To Seenons, waste is fundamentally a mistake, a misnomer, a missed opportunity to give materials a second life and, well, help the planet. A noble idea but how can these self-declared ‘waste warriors’ undo centuries-old consumption habits?
Despite global efforts, the amount of waste we produce and incinerate continues to rise. Some 70% of emissions are generated during the extraction, transport and processing of materials, according to the latest Circularity Gap Report. To keep the planet in a liveable state, it points out, we need to double global circularity from 8.6% to 17%.
Buoyed by the momentum behind the circular economy – a closed-loop system for reusing natural resources – Seenons thinks it has a shot at helping Europe meet its very ambitious target of 50% fewer emissions and ensuring less waste by 2030.

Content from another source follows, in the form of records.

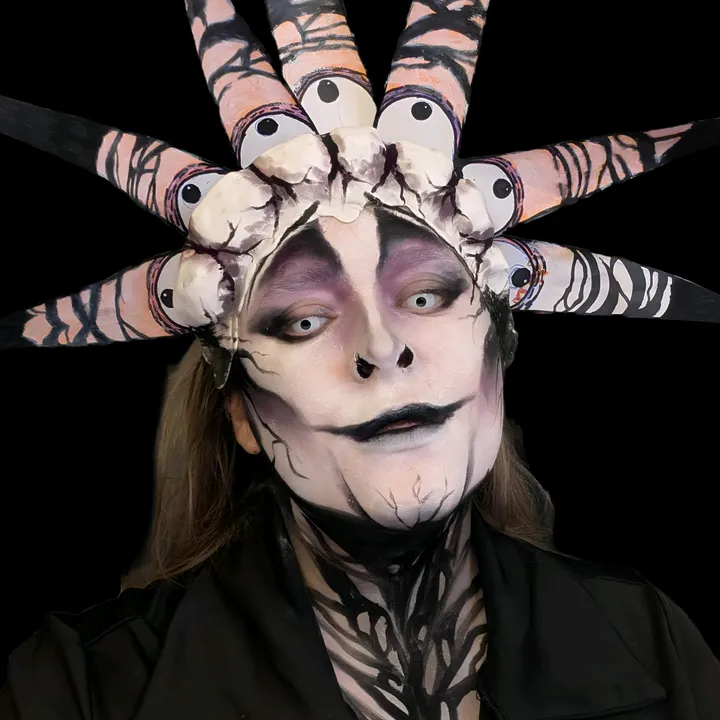 xmakeupyourmind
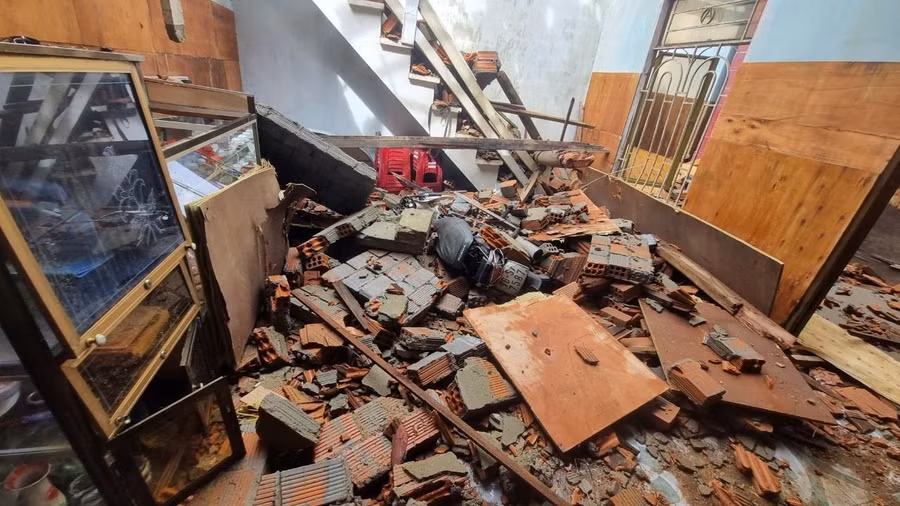 Bão khiến tường nhà của một hộ dân ở Quảng Ngãi đổ sập.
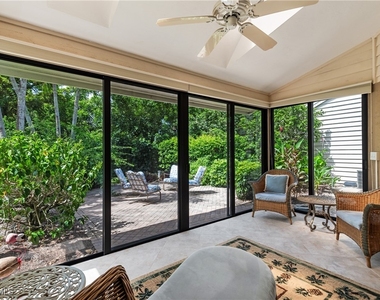 6658 Trident Way - Photo Thumbnail 3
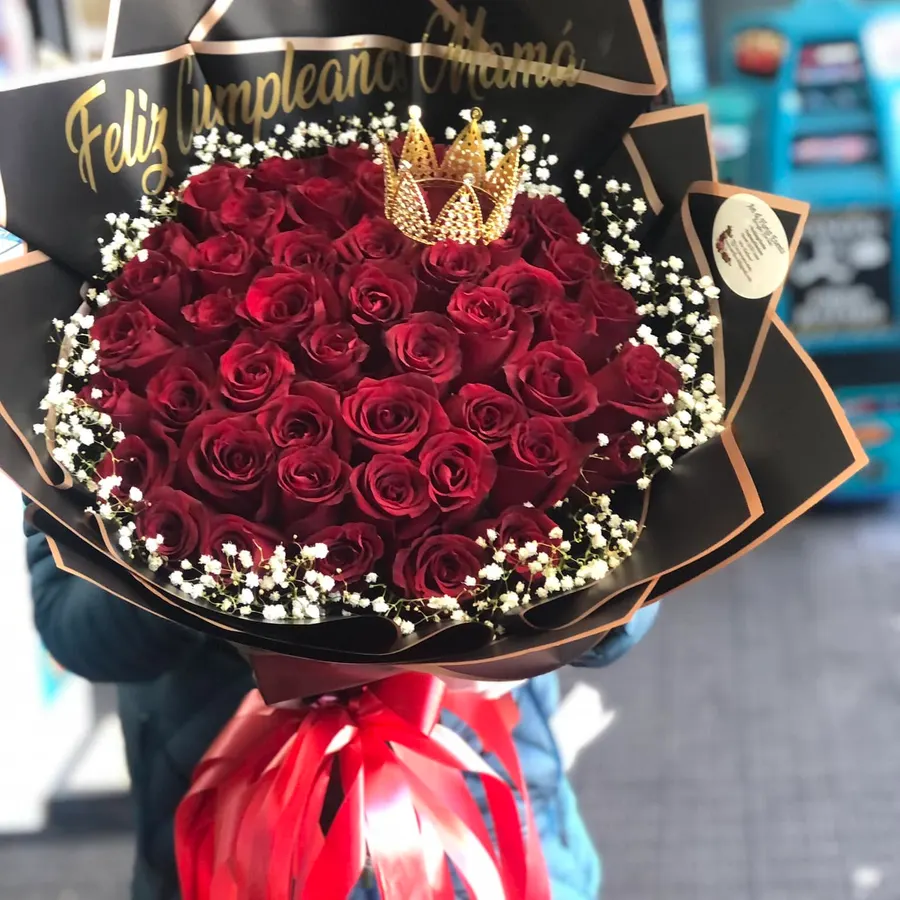 Ramo grande de rosas rojas con corona y banda 'Mamá': Día de las Madres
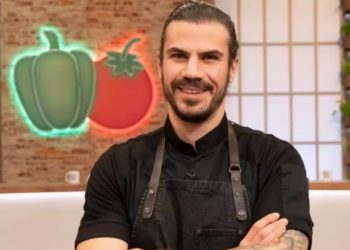 Πολύ αδυνατισμένος ο Άκης Πετρετζίκης-Τι τρέχει;[photo]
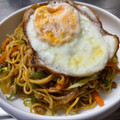 ★なみ☆'s cooksnap of when they made いつものソース焼きそばに～目玉焼きを～.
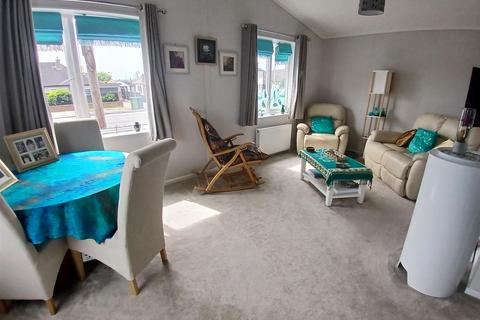 2 bedroom park home for sale, Mill Farm Park, Bulkington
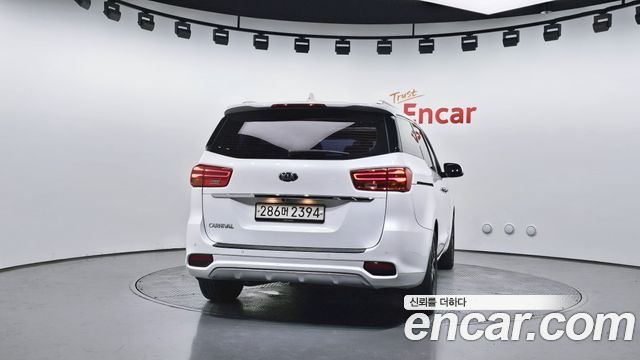 Kia Carnival из Кореи Encar
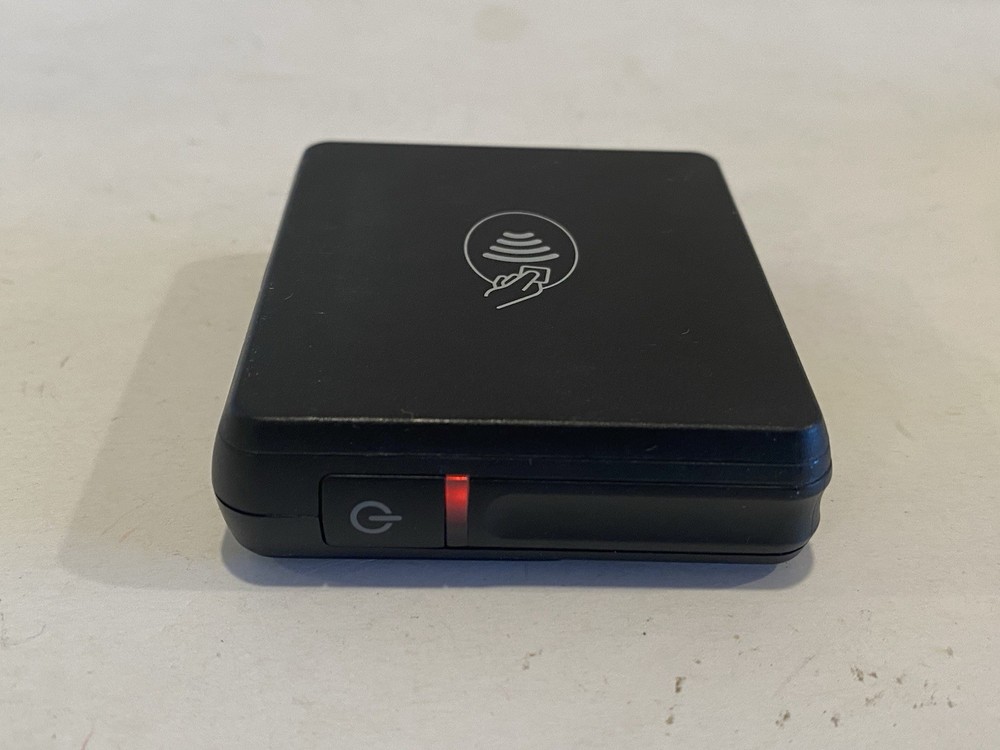 Bbpos CHB20 Chipper BT Bluetooth NFC Card Reader 2AB7X-CHC2XBT With USB Dock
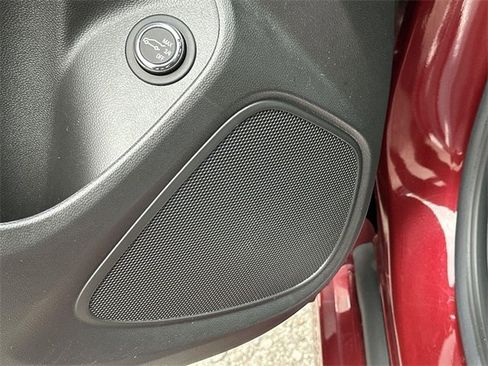 Used 2023 Buick Encore GX Select w/ Sport Touring Package image 21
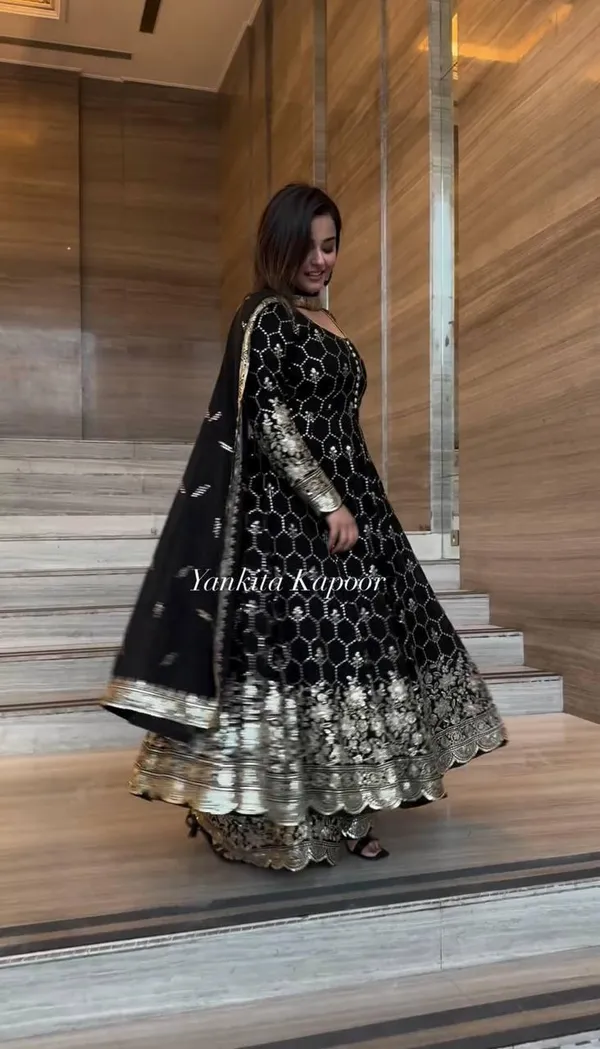 Black_Designer_Party_Wear_Look_Full_Heavy_Embroidery_Sequence_Work_Gown_With_Fully_Stiched_Bottom_And_Dupatta_For_Women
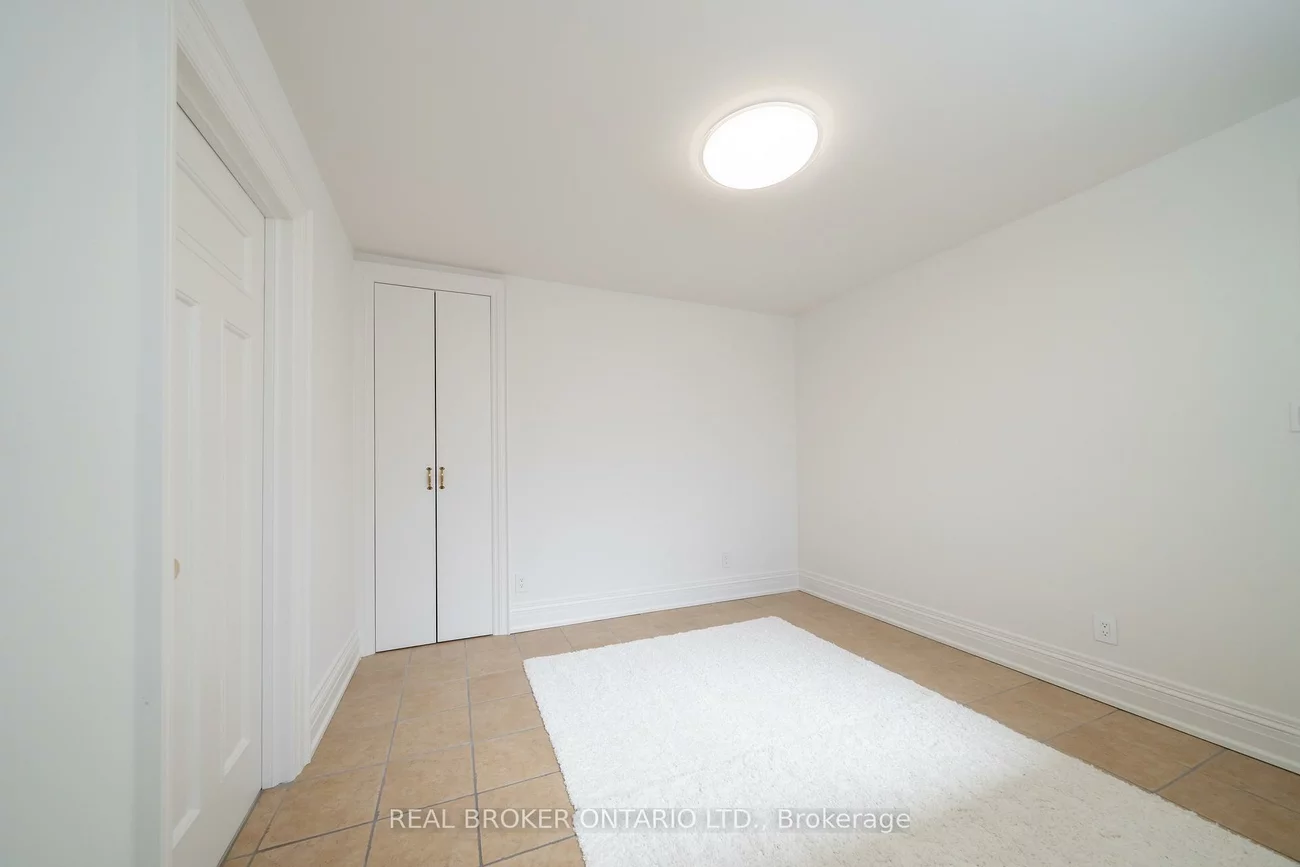 114, Heath, Yonge-St. Clair, Toronto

Dutch tech start-up Seenons was set up in 2019 by former Boston Consulting Group consultant Joost Kamermans and platform entrepreneur Jorn Eiting van Liempt to wage war against this growing ‘waste problem’ on different fronts.
Addressing waste market inefficiencies
Today, the ‘waste market’ is vastly inefficient. Full vans drive into cities all day and drive out empty. Later, bulging garbage trucks pick up business waste, but only from addresses on their collection route. Different kinds of waste are often thrown together, making it much harder to extract valuable materials.
Flush with a €6mn second-round investment, led by Tablomonto and Capital T, Seenons is keen to further develop its technology, which matches waste-makers with waste-users, as it eyes off Benelux and the rest of Europe.
Tablomonto’s support for tech-based disruptors and founders who are shaping a better future is clear in their choice to double down on the start-up. “The significant funding,” notes investor Tamara Obradov, “sends a clear signal that we need to take a serious stance to structurally change processes within the current waste industry.”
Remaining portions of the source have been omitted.